Gesù è il profeta-messia che compie la rivelazione dell’amore e del perdono di Dio a tutta l’umanità. La donna è figura della Chiesa, che è peccatrice e al contempo resa santa dal perdono di Dio. Cosa significa per me essere parte di un popolo santo e peccatore?

 

  1. Condivisione della vita nella preghiera (5/10 min). L’ultimo passo, dopo la condivisione della vita, è invitare ad una breve preghiera, magari formulata inizialmente dall’accompagnatore. Qualche minuto di silenzio può autare a far risuonare la vita e la Parola condivise e raccogliere alcuni elementi che possono essere stimoli per una preghiera. Il partecipante che non intende pregare sentirà comunque che la propria condivisione è stata ascoltata e che la sua vita è stata messa davanti a Dio nella preghiera di altre persone.

 

 

 

 

 

La Parola della compassione (Omelia X TO Anno C)

 

Quando c’è un funerale di una persona conoscente, facciamo fatica a trovare le parole della consolazione e della speranza. Abbiamo timore ad entrare nel cerchio privato della sofferenza familiare, a toccare il dolore.

Gesù invece non ha paura, quando vede il corteo funebre a unirsi ad esso e toccare la bara, che per un ebreo era “cosa impura”.  Gesù tocca il “luogo” della morte, lo condivide e per questo motivo la sua parola è in grado di trasformare la morte e di donare una paradossale e inaspettata resurrezione: “dico a te, alzati”.

Il morto “parla” e la parola come segno di comunicazione e di vita si trasmette alla folla, che proclama la sua fede nel Dio di Israele rivelatosi attraverso Gesù: “Dio ha visitato il suo popolo”. La parola ha vinto la morte ed è diventata lode e rendimento di grazie del popolo. Solo i viventi infatti possono lodare il Signore e noi uomini, viventi, siamo fatti per la sua lode! La Sua parola ci dona le parole vere, capaci di celebrare la bellezza della vita che rinasce.  Come Elia Gesù ha resuscitato un bambino morto, più di Elia Gesù ha compiuto il miracolo solo con la Sua Parola e con essa ha generato le parole di fede del popolo.

Da dove proviene questa parola? Io penso che l’origine di queste parole sia la compassione di Gesù: sentimento di Dio, che prende su di sé il male e la morte dell’uomo e la condivide fino ad assumerne tutte le conseguenze. Sentire compassione vuol dire condividere la situazione dell’altro, i suoi sentimenti, il suo dolore, la sua disperazione. Questo sentimento non ci lacera e non ci indebolisce, perché sappiamo che non la nostra parola, ma la potenza della resurrezione di Gesù è già all’opera.

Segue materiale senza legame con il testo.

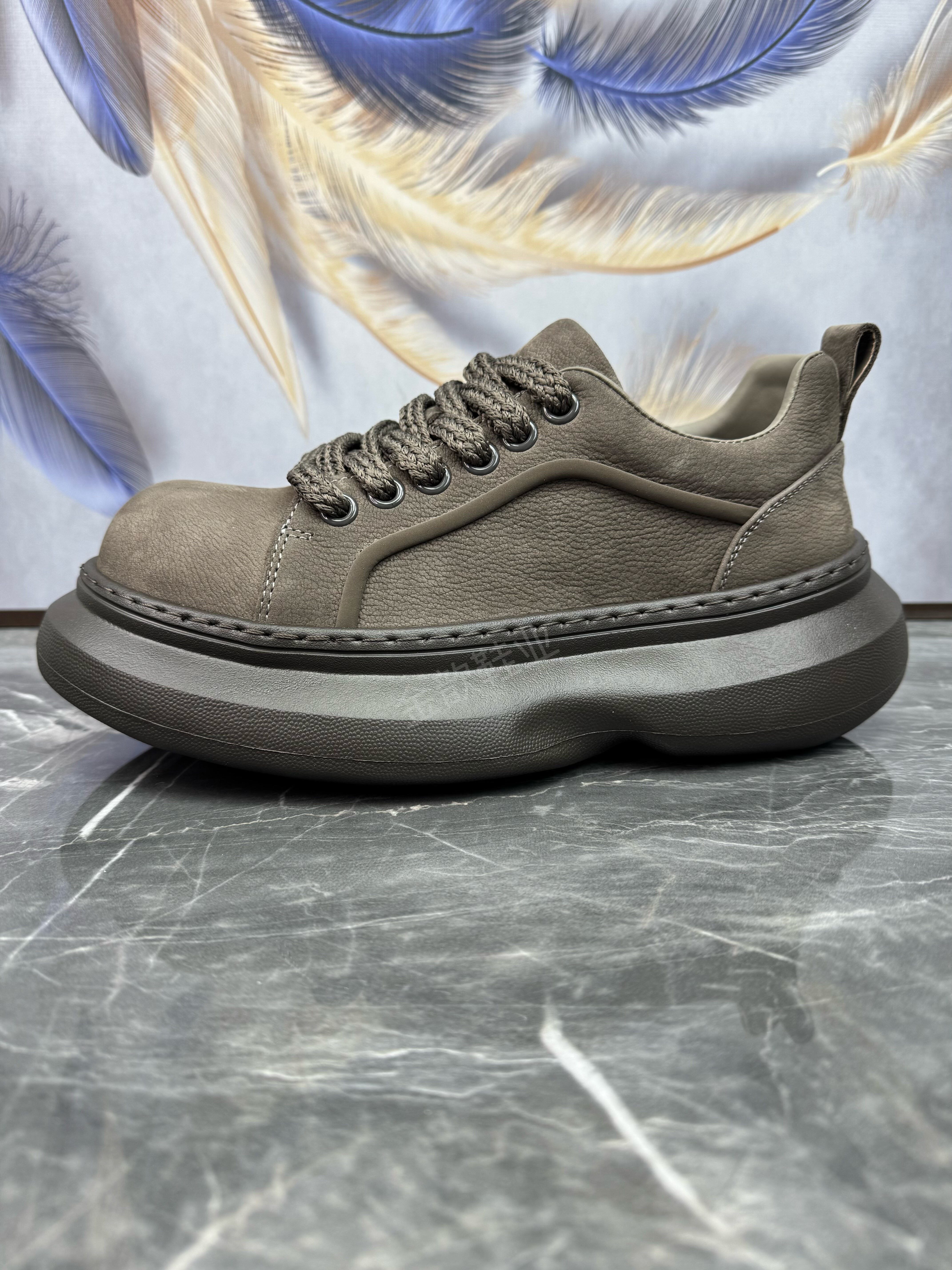 男鞋2026春季新款头层牛皮轻便软底厚底简约百搭真皮透气休闲潮鞋,流行男鞋,休闲板鞋,淘宝优惠券,粉丝福利购,淘宝优惠卷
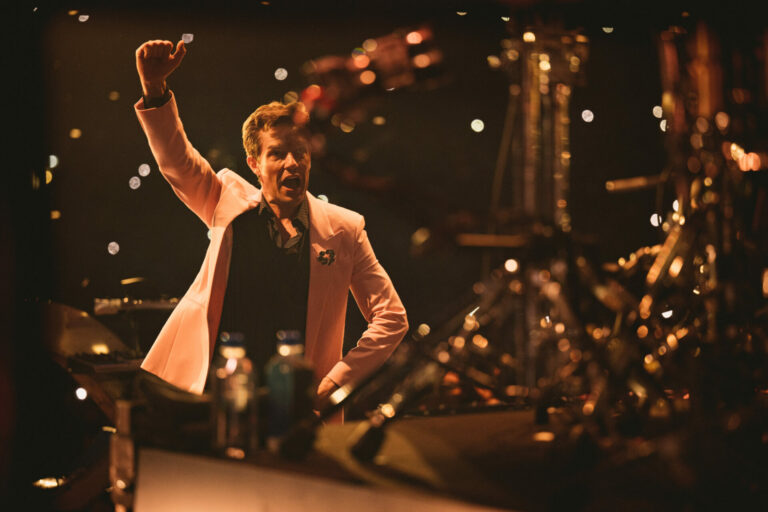 The Killers' Brandon Flowers performs live in Coventry (Picture: Rob Loud)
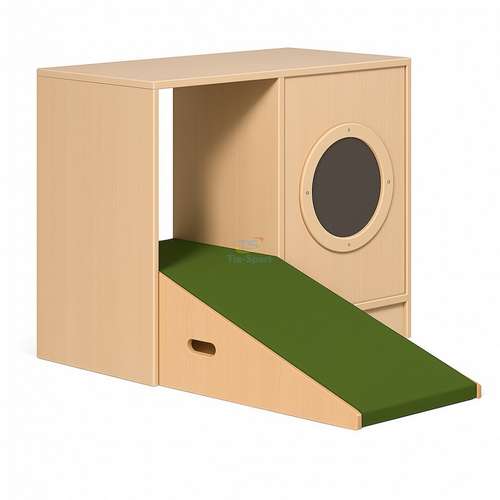 Тумба с горкой и иллюминатором (102×80×45 см)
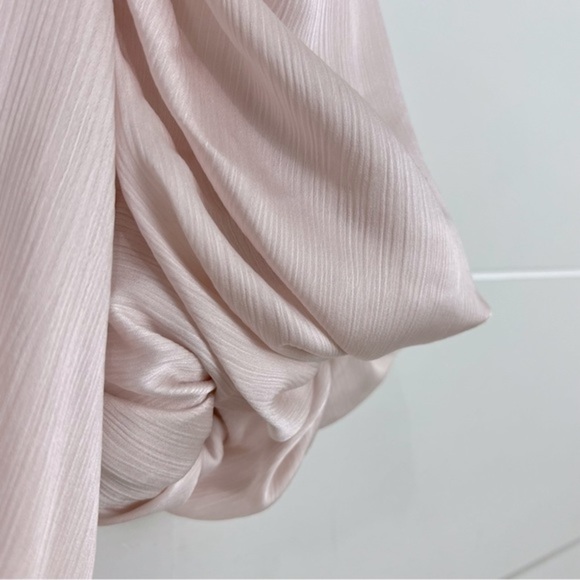 NEW TED BAKER US 4-6 Loueese Puff Sleeve Mini Ruffle Dress Light Pink (Ted2) - Picture 13 of 16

Se l’attuale comunicazione globale ci porta costantemente a contatto con il male del mondo e proprio per questo ci rende assuefatti e perfino indifferenti al male, la compassione di Gesù ci educa a non rassegnarci, a continuare a indignarci, a confidare in Lui e mettere in atto quello che possiamo fare, nel nostro piccolo.  Anche noi, come parrocchia, possiamo fare qualcosa: la papa Giovanni ad esempio ci ha informato che ci sono adolescenti immigrati che, compiuti i 18 anni, devono uscire dalle case famiglia e stare in strada in attesa di rientrare in un progetto di accoglienza per adulti, rischiando così di diventare facile preda di mondi criminali. Perché non aiutare questi ragazzi come parrocchia, anche attraverso la collaborazione con la papa Giovanni?

La compassione di Gesù comporta un entrare nel lutto del nostro popolo, per la mancanza di futuro, di figli e di giovani e restituire la speranza con parole e gesti di responsabilità. Oggi questo significa anche avere il coraggio di cambiare la società e le istituzioni per vincere privilegi ingiusti e dare più sostegno ai giovani. Oggi in molte città d’Italia ci sono le elezioni: preghiamo perché la nostra società ritorni a scommettere sui giovani e li aiuti e incoraggi concretamente nelle loro scelte.